Tr. of Oral Arg. 17. And this is the standing question that is
implicated by the Court's opinion.
See infra at
447 U. S.
486-489.
[
Footnote 2/2]
The simplistic construction of the statute reflected in the
Court's opinion apparently is also justified by supposed
"concessions" of appellant's counsel at oral argument.
Ante at
447 U. S. 461,
n. 5. Appellant, however, has never suggested that the statute
regulates picketing solely by permitting labor, but not nonlabor,
issues to be aired through residential picketing. While admitting
the use of some content differentiation, the appellant asserts
throughout his argument that the statute is a "place" regulation;
it allows picketing at homes used for nonresidential purposes, but
not at those homes used exclusively for residential purposes.

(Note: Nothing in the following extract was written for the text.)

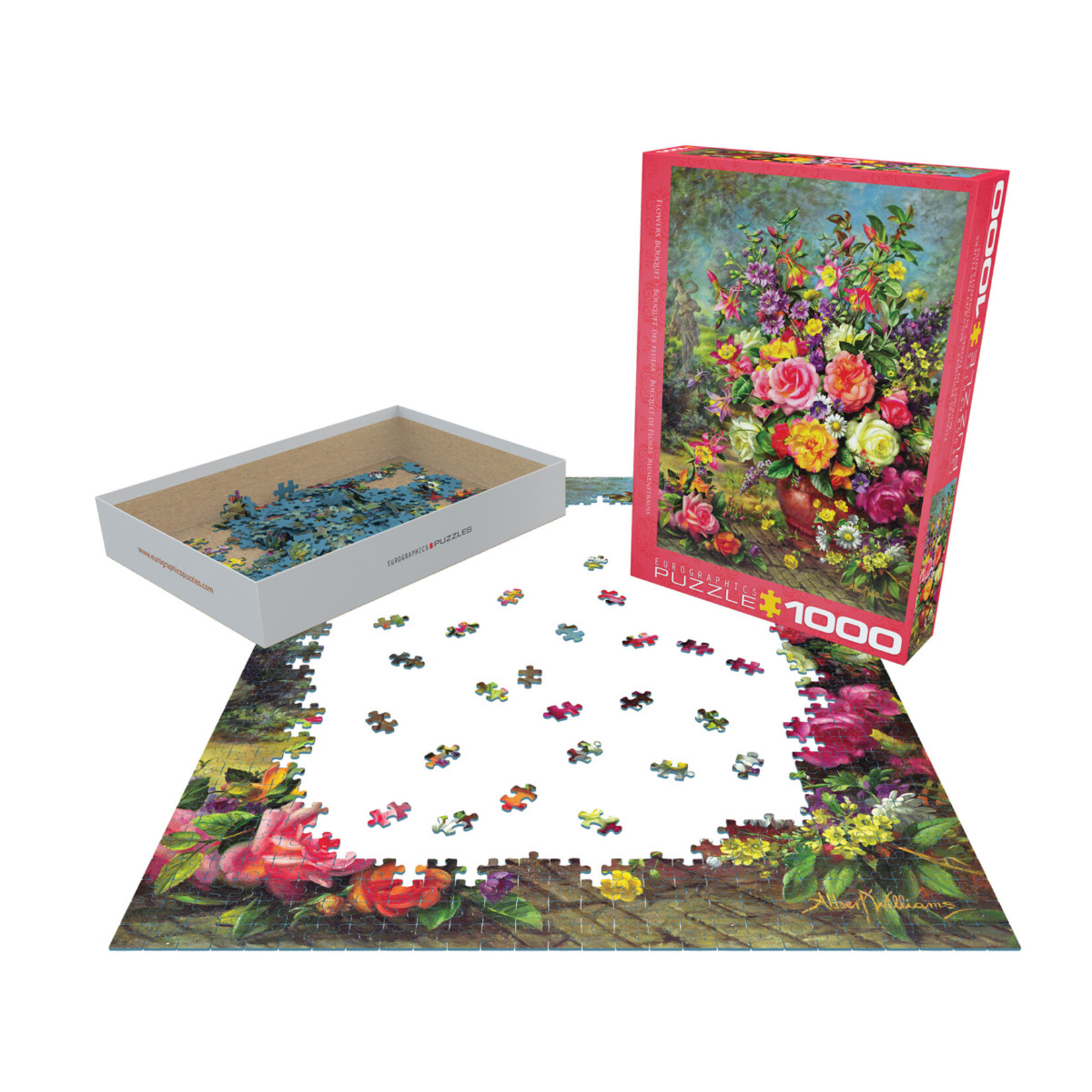 EuroGraphics Puzzles Flower Bouquet 1000pc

See, e.g., the question presented for review in the
Juris.Statement 4.
[
Footnote 2/3]
If it is the Mayor the appellees seek to reach, they have not
shown they cannot do so at city hall. If it is the neighborhoods
they seek to reach, they have not shown that they cannot do so in
neighborhood parks. I think it is now clear that, when speech
interests are countered by other substantial governmental
interests, the availability of another forum is a highly relevant
factor in determining the appropriate balance.
See Pell v.
Procunier, 417 U. S. 817,
417 U. S.
823-824 (1974).
[
Footnote 2/4]
If given an opportunity, the Illinois courts might determine
that many repairmen are not "employees" under the statute. Further,
it is also possible that the state courts would limit the disputes
covered by the exception to those between the resident and his
employee. More importantly, these are questions with which this
court should not be concerned until the state courts have had an
opportunity to address them.
See infra at
447 U. S.
488.
[
Footnote 2/5]
The Court identifies several examples of picketing which the
State would allegedly have to allow in order to avoid a successful
equal protection attack. The Court indicates that there is no
ground for differentiating between the picketing which is permitted
and picketing relating to landlord-tenant disputes, zoning
disputes, and historic preservation issues.
Ante at
447 U. S.
468-469, n. 13. The first of these examples seems
particularly inappropriate, since picketing in relation to
landlord-tenant disputes would most likely be permissible under the
statute just as written. The statute exempts picketing by an
individual at his residence, so it would certainly appear that a
tenant could picket in front of his own dwelling (which also
happens to be the situs of the dispute). If the landlord operates
his business out of his home, the tenants would also be able to
picket there under the statute. Thus there is no reason to believe
that the picketing opportunities of tenants have been substantially
limited by the statutory classifications, and in fact would appear
to be at least as broad as those afforded to employees with labor
disputes. Zoning disputes and historic preservation issues are
distinguishable in several respects. First, those issues have no
relationship to the use of an individual's residence (other than
their own, which of course they may picket) and the individual
resident would not have waived any privacy interests. Second,
alternative forums would theoretically include residential parks,
as well as the office of the authorities responsible for the
relevant decisions.
The Court's citation of lawn decorations as a waiver of
residential privacy seems odd, since that act does not involve the
voluntary admission of strangers into the home for some
nonresidential purposes -- a characteristic shared by each of the
other exceptions.
Ante at
447 U. S. 469.
The Court's citation of a political party meeting is also
distinguishable, since this example does not share the commercial
attributes of the other exemptions -- where "nonresidential use"
seems most readily found. An alternative forum would also not seem
difficult to obtain in those circumstances.